A l’heure où l’actualité politique française est pour le moins agité du bocal entre une gauche sociale « libérale » que l’on arrive plus à bien discerner ce que c’est, une droite qui lui ressemble autant, et laissent le champ libre aux heures sombres, Nicolas Castro nous rappelle sur vingt années, du 10 mai 1981 au 21 avril 2002, les désillusions d’une génération, à la veille d’un premier choc, avant pire ?
Le grand soir est enfin arrivé pour les militants socialistes de Saint-Etienne, et l’immense joie pour les frangins Olivier et Léon, d’autant plus pour ce dernier qui tombe éperdument amoureux de Noémie avec qui, dans la liesse de la victoire, il passe la nuit, puis les trois jours avant qu’elle ne monte à Paris faire l’ENA. De même pour son frère Olivier, le trotskiste convaincu qui tente sa chance dans la Capitale. Léon reste avec son pote Julien et le sentiment d’avoir laissé passer l’amour de sa vie. Du jeune journaliste de région, il va sept ans plus tard retrouver tout ce petit monde à Paris dans une ambiance qui ne ressemble plus du tout aux idéaux de gauche socialiste.
Je me suis beaucoup amusé à suivre cette reconstitution de ces années qui me semble à des années lumières tant tout à tellement changé. Que s’est il donc passé ? Passe la technologie, qui se souvient encore des minitels ou magnétoscopes vhs, ou des émissions débiles déjà, et de nos politiciens qui avaient déjà de nombreuses casseroles au cul ?
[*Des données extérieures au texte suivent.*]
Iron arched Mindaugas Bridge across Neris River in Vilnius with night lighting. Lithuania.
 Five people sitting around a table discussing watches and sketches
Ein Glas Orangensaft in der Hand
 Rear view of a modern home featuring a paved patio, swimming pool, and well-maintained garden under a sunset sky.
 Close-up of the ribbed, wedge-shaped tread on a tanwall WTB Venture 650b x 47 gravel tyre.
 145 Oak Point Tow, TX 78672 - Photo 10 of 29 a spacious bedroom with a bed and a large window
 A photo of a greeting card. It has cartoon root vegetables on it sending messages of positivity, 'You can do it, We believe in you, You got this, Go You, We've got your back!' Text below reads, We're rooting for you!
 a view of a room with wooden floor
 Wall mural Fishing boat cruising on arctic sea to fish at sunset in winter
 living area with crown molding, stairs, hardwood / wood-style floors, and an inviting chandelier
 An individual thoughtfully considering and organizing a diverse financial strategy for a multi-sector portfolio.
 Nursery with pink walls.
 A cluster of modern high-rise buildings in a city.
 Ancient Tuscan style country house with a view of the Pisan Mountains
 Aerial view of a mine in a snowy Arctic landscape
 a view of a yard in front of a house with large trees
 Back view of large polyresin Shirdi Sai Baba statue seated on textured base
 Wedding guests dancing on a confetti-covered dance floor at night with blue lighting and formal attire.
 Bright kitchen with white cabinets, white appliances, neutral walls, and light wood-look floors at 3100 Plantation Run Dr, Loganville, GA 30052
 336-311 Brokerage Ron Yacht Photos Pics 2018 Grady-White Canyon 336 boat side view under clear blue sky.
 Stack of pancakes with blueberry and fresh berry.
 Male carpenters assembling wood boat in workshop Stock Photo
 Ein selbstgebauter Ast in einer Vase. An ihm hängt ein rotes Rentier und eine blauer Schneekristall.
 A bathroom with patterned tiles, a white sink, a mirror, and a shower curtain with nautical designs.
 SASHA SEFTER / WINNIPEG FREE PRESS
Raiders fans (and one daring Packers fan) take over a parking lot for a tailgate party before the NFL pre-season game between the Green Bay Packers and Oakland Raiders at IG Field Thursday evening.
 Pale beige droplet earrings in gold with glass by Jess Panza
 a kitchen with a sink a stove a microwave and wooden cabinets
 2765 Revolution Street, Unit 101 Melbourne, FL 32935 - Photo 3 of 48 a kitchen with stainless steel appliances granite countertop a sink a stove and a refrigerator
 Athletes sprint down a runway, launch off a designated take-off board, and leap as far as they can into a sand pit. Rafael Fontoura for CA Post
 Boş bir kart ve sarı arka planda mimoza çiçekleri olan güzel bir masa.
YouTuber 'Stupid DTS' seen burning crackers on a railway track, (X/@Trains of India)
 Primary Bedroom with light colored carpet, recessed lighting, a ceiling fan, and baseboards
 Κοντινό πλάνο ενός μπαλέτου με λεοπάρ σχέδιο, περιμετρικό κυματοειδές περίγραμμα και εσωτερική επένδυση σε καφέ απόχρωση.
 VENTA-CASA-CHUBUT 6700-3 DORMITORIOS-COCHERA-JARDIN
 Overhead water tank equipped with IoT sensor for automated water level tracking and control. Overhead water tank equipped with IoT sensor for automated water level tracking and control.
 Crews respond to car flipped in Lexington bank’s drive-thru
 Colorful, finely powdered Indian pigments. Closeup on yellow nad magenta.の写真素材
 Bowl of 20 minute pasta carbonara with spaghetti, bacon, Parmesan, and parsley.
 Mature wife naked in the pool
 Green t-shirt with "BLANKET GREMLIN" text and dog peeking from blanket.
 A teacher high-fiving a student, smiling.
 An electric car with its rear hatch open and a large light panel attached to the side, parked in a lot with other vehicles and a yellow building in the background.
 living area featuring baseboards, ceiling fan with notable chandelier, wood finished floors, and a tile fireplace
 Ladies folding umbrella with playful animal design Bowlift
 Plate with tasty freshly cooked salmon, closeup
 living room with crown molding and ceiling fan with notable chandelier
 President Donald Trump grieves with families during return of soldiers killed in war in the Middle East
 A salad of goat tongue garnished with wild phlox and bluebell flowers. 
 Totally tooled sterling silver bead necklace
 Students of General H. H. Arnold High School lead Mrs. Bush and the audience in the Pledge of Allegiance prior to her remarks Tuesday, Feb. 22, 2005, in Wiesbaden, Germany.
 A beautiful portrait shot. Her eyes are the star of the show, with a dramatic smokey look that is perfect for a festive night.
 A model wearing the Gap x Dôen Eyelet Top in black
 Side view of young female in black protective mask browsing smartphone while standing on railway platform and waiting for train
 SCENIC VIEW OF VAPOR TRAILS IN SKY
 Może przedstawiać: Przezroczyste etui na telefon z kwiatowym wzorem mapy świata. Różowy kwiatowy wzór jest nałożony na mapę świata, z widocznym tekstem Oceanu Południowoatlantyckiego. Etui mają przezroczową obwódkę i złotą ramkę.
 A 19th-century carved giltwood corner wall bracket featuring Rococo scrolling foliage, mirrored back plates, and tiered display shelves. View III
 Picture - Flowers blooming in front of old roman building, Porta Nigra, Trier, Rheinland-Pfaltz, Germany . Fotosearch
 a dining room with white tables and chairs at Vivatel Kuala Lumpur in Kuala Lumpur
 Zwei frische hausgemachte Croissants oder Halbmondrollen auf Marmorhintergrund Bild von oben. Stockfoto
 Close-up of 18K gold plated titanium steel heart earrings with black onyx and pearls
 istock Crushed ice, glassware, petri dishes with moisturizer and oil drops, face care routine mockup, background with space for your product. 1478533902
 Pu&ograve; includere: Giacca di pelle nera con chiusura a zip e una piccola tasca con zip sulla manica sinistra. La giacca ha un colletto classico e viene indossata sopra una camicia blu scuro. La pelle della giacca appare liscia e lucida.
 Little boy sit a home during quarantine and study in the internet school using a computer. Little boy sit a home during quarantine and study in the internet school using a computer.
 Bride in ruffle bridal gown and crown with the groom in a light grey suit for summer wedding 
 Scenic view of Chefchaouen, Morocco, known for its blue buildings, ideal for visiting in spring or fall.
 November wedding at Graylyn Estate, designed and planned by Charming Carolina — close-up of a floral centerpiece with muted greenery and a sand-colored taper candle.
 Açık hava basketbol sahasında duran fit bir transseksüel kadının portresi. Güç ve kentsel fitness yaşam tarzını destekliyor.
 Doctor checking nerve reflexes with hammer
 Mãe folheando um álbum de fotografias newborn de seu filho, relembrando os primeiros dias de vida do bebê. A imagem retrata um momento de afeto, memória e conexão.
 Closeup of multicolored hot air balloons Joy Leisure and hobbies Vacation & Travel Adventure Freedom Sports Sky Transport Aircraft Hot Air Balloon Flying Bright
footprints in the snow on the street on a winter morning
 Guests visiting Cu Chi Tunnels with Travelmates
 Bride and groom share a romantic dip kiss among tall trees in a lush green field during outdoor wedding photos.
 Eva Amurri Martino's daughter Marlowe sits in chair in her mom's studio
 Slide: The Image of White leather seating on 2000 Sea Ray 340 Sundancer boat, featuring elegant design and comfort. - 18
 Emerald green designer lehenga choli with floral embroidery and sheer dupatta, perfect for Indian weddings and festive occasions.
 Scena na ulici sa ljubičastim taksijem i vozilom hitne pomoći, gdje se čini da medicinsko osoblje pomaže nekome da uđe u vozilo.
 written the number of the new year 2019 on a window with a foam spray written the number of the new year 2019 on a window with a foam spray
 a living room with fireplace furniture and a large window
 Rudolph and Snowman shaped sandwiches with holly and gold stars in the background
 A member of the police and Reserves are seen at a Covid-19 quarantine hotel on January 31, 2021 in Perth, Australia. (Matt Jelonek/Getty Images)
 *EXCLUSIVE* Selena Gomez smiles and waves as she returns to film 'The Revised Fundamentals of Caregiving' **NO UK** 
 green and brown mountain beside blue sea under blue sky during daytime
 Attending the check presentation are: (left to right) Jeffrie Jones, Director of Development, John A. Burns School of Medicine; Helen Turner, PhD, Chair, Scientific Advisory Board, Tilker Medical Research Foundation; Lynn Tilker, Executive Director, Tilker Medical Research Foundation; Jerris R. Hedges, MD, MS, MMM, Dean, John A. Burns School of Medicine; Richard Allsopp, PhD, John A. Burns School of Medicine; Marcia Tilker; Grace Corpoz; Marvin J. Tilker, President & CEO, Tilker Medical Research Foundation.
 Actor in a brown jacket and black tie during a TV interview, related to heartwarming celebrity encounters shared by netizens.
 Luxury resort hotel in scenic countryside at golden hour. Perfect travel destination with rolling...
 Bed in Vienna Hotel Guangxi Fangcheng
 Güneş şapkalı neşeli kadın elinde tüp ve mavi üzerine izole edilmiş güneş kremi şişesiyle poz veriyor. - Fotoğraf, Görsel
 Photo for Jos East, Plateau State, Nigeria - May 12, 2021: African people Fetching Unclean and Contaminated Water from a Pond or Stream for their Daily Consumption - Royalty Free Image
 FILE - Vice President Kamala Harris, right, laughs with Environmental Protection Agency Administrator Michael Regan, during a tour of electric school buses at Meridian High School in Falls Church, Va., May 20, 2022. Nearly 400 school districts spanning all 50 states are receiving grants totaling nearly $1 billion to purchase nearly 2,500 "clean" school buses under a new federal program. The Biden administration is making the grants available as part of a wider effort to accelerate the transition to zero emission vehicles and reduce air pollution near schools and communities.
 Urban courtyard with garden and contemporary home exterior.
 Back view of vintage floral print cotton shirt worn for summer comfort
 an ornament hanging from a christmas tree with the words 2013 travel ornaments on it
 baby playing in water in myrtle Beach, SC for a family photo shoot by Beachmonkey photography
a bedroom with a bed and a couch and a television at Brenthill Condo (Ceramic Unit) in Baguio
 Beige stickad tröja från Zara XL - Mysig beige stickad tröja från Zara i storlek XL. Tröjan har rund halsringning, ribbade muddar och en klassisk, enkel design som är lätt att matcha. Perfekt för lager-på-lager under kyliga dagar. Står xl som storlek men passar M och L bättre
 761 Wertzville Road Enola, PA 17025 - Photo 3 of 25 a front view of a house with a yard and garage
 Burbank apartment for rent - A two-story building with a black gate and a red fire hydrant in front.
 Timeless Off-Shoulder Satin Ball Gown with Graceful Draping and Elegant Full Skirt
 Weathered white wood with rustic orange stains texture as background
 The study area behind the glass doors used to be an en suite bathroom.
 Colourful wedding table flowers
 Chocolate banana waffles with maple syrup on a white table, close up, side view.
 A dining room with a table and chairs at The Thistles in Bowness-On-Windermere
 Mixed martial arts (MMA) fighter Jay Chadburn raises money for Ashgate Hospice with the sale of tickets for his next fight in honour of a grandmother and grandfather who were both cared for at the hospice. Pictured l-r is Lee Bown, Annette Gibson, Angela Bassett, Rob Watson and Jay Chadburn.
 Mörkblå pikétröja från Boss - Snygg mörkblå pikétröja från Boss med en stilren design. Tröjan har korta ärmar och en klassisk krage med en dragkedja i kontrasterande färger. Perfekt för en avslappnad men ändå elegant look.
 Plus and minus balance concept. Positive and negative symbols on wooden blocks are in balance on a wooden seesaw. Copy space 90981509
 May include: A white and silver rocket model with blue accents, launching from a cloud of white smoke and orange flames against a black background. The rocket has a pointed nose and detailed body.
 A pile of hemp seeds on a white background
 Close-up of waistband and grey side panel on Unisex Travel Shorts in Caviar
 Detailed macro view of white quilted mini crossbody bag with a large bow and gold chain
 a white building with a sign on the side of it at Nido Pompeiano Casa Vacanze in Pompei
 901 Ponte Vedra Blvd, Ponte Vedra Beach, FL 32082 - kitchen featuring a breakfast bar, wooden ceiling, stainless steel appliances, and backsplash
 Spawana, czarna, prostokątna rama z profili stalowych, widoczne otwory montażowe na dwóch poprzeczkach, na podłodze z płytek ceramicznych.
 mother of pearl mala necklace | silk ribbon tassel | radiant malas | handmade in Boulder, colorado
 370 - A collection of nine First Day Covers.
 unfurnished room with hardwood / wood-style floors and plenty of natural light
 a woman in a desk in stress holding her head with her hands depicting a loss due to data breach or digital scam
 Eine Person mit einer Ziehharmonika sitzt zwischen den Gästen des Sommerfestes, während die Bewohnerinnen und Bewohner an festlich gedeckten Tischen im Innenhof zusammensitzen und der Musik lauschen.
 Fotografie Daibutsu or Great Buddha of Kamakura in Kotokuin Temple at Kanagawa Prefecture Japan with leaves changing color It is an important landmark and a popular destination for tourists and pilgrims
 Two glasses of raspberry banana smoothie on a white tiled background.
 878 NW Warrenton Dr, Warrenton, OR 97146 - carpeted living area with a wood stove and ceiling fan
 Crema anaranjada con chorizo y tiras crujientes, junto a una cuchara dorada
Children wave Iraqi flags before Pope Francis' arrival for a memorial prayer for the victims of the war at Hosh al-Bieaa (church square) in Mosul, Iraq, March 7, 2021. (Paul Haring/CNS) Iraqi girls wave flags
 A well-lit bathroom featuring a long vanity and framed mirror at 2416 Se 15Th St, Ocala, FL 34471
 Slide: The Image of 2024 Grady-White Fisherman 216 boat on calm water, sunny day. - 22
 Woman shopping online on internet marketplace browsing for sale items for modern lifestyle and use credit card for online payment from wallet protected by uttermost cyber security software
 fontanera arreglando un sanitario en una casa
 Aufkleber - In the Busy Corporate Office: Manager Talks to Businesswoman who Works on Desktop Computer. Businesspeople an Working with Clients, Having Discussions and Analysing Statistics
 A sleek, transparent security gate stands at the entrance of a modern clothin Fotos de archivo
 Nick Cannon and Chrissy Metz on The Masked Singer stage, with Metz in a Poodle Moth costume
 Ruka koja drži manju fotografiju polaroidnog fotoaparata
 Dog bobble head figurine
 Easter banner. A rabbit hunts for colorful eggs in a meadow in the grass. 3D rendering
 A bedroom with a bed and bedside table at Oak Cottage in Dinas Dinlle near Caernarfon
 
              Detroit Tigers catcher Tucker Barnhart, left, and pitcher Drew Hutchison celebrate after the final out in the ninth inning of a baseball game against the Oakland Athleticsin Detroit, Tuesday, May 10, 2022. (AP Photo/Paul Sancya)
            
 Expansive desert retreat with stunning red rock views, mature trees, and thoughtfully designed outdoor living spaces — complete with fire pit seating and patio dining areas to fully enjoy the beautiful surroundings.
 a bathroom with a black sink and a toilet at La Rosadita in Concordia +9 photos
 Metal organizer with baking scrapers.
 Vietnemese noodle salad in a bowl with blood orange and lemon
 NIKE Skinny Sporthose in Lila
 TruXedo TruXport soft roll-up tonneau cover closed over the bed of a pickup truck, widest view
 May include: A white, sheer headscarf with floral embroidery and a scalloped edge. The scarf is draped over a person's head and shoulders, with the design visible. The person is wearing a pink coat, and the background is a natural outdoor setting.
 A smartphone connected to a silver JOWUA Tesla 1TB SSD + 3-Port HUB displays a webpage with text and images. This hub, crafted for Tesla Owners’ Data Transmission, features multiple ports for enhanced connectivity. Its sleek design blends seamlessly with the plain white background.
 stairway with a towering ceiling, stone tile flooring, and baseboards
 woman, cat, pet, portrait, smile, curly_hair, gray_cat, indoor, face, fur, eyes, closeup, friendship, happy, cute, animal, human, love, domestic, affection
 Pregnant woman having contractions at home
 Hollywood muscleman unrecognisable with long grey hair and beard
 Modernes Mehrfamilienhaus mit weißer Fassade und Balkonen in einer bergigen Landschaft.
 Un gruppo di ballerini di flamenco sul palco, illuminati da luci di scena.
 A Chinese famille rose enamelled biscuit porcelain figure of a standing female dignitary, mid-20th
Je me suis d’autant plus retrouvé totalement dans les désillusions de nos protagonistes, que moi aussi, je fais parti de la génération Mitterrand. J’avais 20 ans le 10 mai 1981, je votais pour la première, et quelle surprise, joie et bonheur en découvrant les images et le score. Fête à la Bastille oblige, et espérance en des lendemains meilleurs…. très vite, les désillusions ont commencées avec une politique de rigueur, de fermetures d’entreprises, de crise économique accentuée, les bobos gauche caviar, les arrivistes effrénés, les enrichissements honteux, de tous ces copinages indécents, d’affairistes affichés, et d’affaires sales, de « suicides » en écoutes téléphoniques, de découvertes de passés pétainistes ahurissants, et j’en passe, qui m’ont fait perdre mes repères, croyances et rêves, jusqu’à ce 2002 et le choc du premier tour. Et le pire est encore à venir…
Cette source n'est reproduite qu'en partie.